A new amendment to the revised edition of Trumpcare would actually pay people to eschew purchasing health insurance while healthy.
Seriously.
More moderate-to-liberal Republicans such as Rep. Fred Upton (R-MI) and Rep. Billy Long (R-MO) were reluctant to support an amendment by Rep. Tom MacArthur (R-NJ) that allowed states to opt-out of Obamacare’s requirements to provide “essential health benefits and ban on charging sick people higher premiums,” per Axios. Upton and Long only came on board with Trumpcare when a new amendment was introduced that provided an extra $8 billion to subsidize high-risk pools and cover the cost of those who had a lapse in coverage and would otherwise face “higher premiums in the high-risk pool and a 30 percent surcharge/penalty under” Trumpcare, according to Hot Air‘s Allahpundit.
In other words, the amendment subsidizes people not to buy insurance.
As Allahpundit points out, that would only exacerbate the soaring costs of health care, as the amendment would encourage people to wait until they’re sick to buy health insurance, creating a pool of unhealthier enrollees without enough healthy enrollees to pay for them, thereby resulting in higher costs.
That’s what has been causing the Obamacare death spiral to begin with; yet the Republicans found a way to make the system worse. Again.
The reason why Allahpundit thinks Upton supported the amendment is pure politics: (emphasis bolded)
For years, Upton crusaded on behalf of exactly the sort of measures the new AHCA would permit to the states — getting rid of ObamaCare’s regulations on Essential Health Benefits and community rating. If you want to cut costs for the general population, Upton insisted, you need to stop forcing expensive one-size-fits-all plans on consumers. As of yesterday he had a chance to support a plan that does exactly that but was voting no, presumably because he knows that the public dislikes the idea of letting states waive ObamaCare’s regs is unpopular with the public. That is, he was happy to call for repeal when he knew Obama would be there to veto the GOP’s bill; now that it has a chance of becoming law, he has cold feet. Viewed through that prism, the $8 billion Upton amendment looks like little more than a fig leaf he can point to back in his district when voters inevitably start complaining about the bill. “I made the bill better,” Upton can say in defending his new yes vote. “I got an extra eight billion for sick people!” In reality, his amendment may end up doing more to destabilize the market for people with preexisting conditions than to shore it up. But it looks good politically, and that’s what matters.

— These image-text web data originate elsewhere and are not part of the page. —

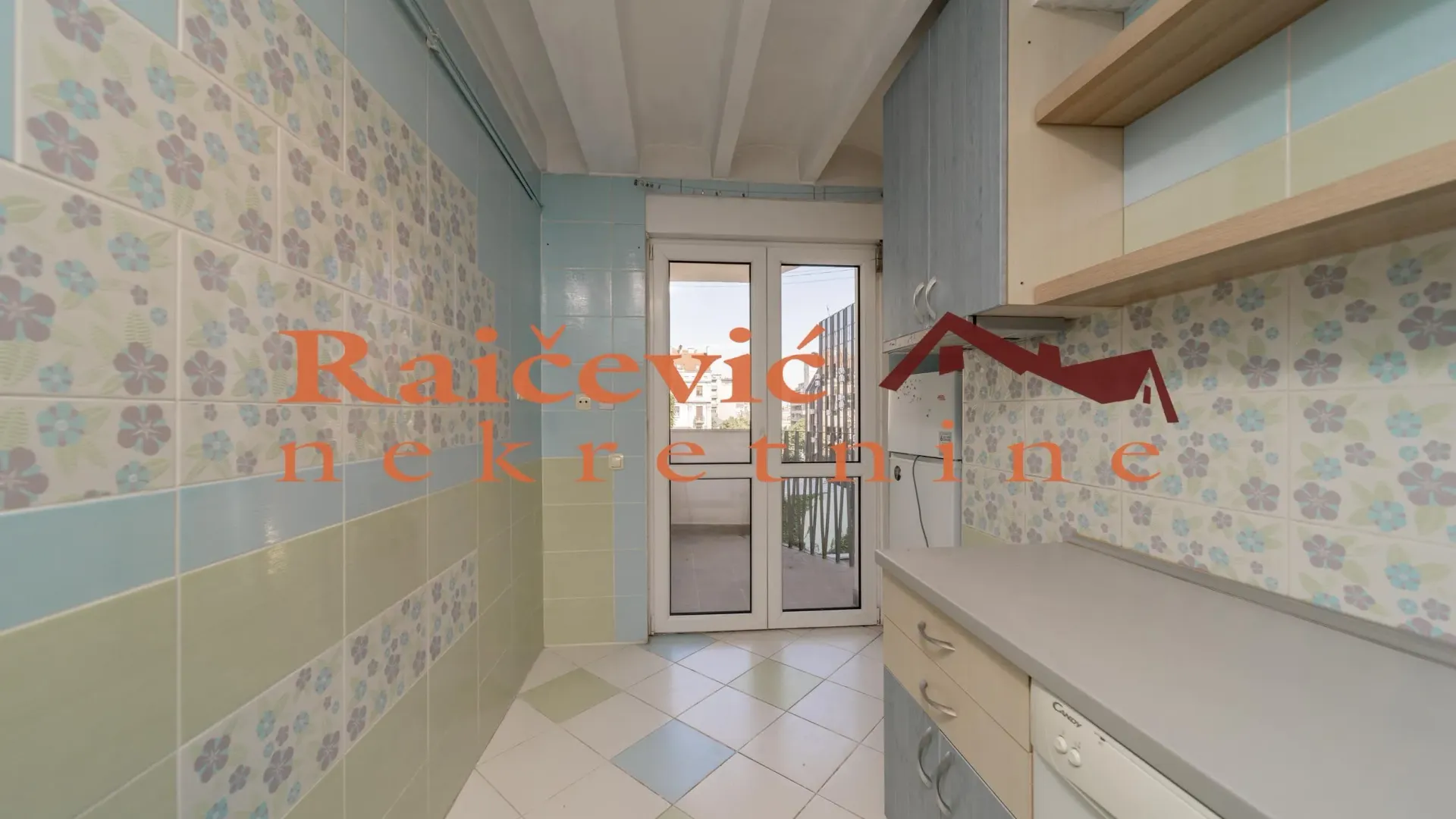 Prodaja, dvosoban stan, 68m², Centar, Stara Pazova
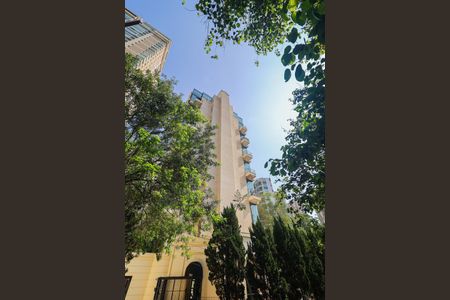 Apartamento para alugar com 70m², 1 quarto e 2 vagas Apartamento para alugar com 70m², 1 quarto e 2 vagasFachada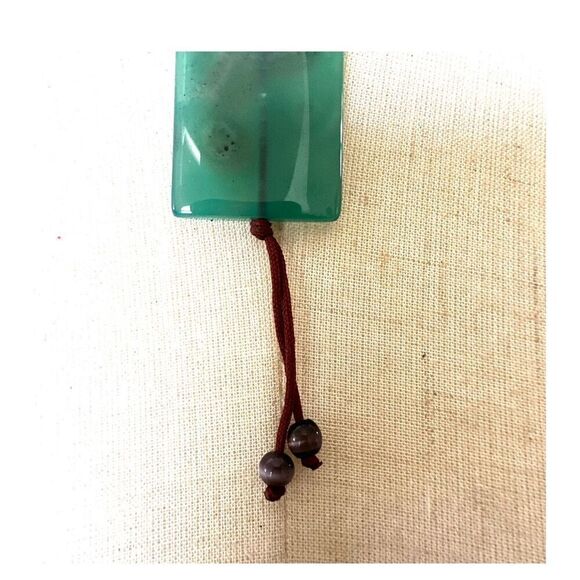 Green dyed agate pendant necklace on cord - Picture 12 of 12
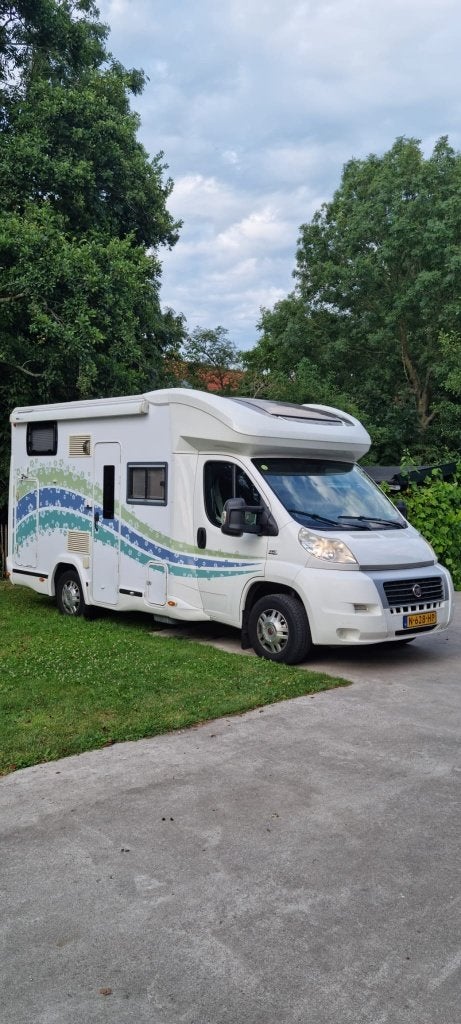 Benimar Mileo 201 | 2015 | Fiat Ducato 2.3  | Zeer compleet, Auto's, Overige Auto's, Euro 5, Beige, 4 stoelen, 2703 kg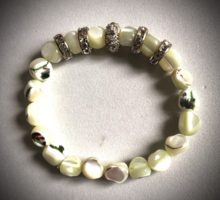 Halványzöld, amorf Kagylóhéjból karkötő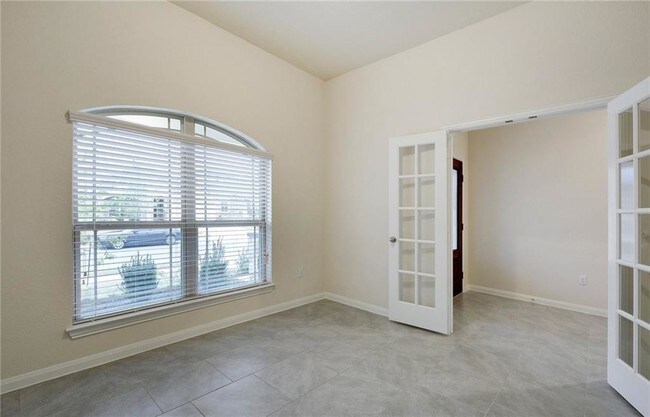 Building Photo - 601 Puerta Vallarta Ln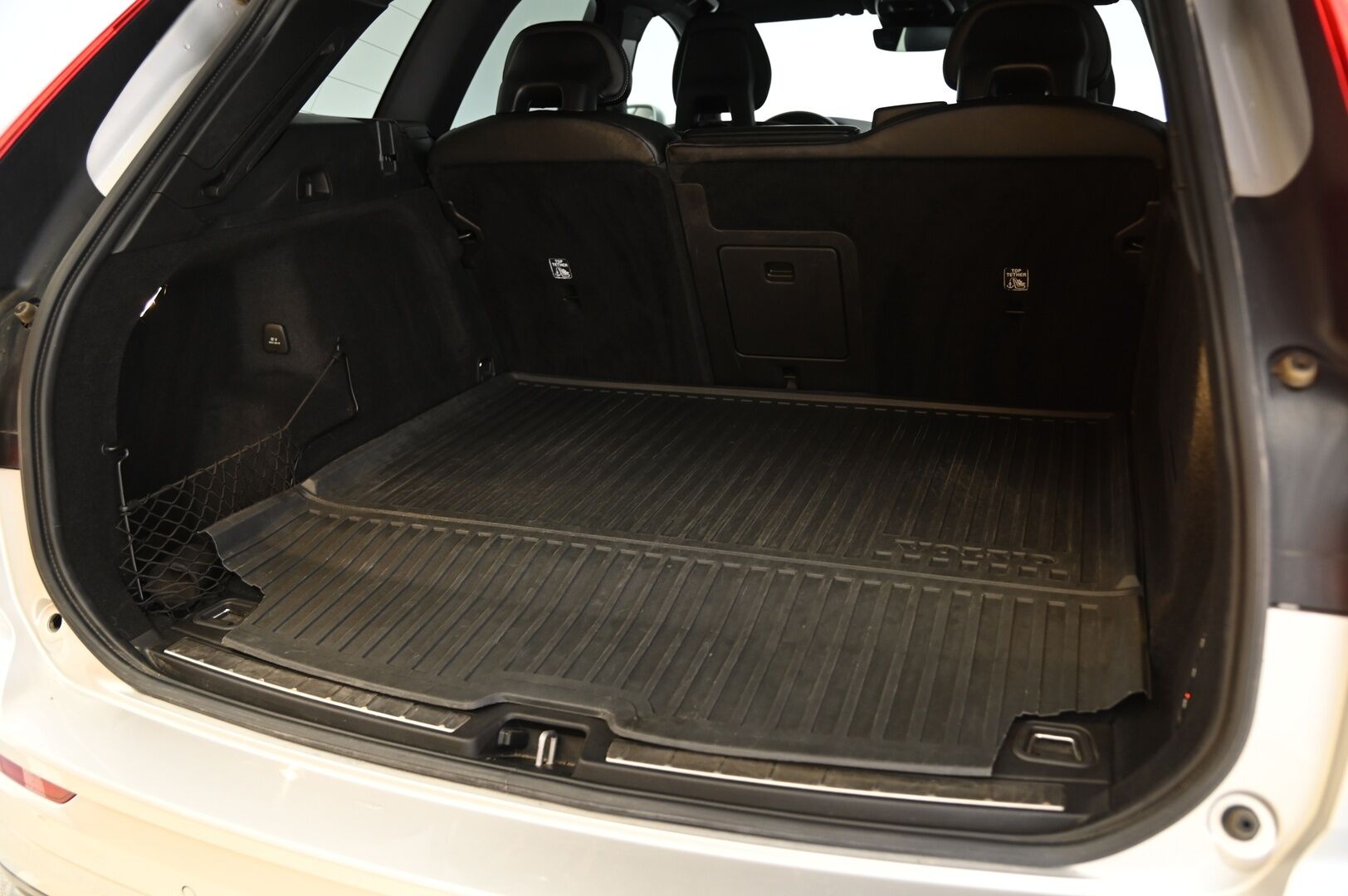 Volvo XC60 2018 T8 AWD R-Design aut **ACC  / Pilot assist / Panorama / Keyless / S.Koukku** - Särmä huoltohistoria! / Hieno kuntoinen! / Akku kuntotarkastettu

The Trump administration and Speaker of the House Paul Ryan are reportedly supportive of the amendment, since apparently they just want to claim victory on repealing Obamacare rather than actually repealing it. It’s still unclear if the bill would pass the House with a scheduled vote for Thursday.
What is truly disheartening about Trump and the Republicans’ reluctance to simply go full repeal on Obamacare is that they have given the disastrous health law newfound popularity by embracing large portions of it. This new amendment encapsulates that, as they’re accepting the Left’s premise that repealing Obamacare would harm those with pre-existing conditions even though the facts state otherwise.
Meanwhile, Obamacare continues to crumble.